- [PROBLEM] Every line of the listing that holds the word "with" should be returned.

- [RECORDED INFORMATION]

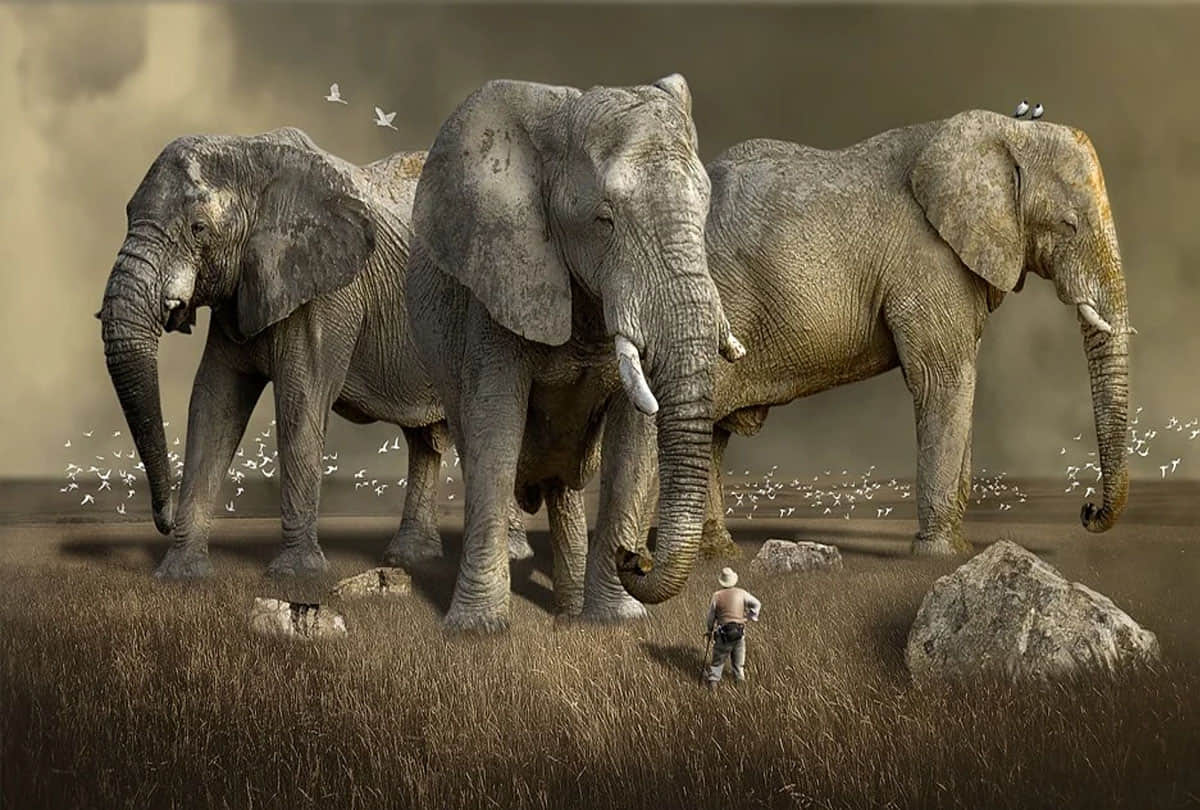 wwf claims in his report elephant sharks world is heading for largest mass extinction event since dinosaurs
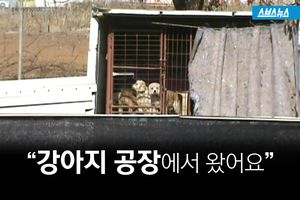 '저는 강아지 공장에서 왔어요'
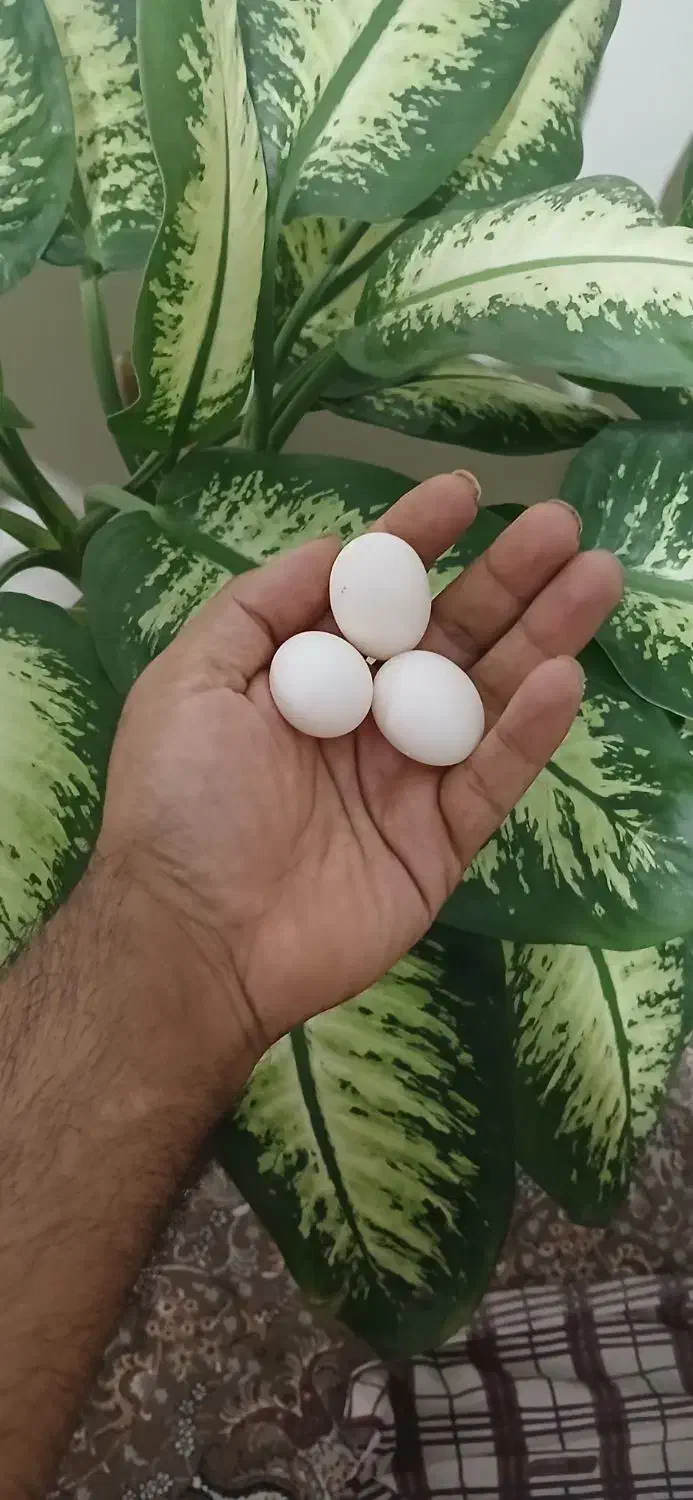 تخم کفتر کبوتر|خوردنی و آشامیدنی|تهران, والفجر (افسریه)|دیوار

--

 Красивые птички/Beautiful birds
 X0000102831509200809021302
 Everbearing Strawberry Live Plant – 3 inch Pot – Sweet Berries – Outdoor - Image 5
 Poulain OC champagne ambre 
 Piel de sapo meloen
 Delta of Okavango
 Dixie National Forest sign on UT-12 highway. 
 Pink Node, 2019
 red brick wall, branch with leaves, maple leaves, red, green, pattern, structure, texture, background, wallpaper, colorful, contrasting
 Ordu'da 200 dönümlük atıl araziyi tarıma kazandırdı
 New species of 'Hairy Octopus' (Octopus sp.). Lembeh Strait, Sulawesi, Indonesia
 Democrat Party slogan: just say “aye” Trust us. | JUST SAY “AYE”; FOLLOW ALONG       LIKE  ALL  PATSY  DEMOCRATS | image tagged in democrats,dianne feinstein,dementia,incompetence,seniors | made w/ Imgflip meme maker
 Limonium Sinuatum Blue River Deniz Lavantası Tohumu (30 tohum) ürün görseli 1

* * *

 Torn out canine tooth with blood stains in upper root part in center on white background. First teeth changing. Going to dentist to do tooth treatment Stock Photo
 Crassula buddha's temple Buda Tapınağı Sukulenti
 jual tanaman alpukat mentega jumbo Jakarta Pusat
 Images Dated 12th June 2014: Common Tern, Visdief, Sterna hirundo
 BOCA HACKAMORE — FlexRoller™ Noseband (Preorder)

- [EXERCISE OUTPUT]
 red brick wall, branch with leaves, maple leaves, red, green, pattern, structure, texture, background, wallpaper, colorful, contrasting
 Torn out canine tooth with blood stains in upper root part in center on white background. First teeth changing. Going to dentist to do tooth treatment Stock Photo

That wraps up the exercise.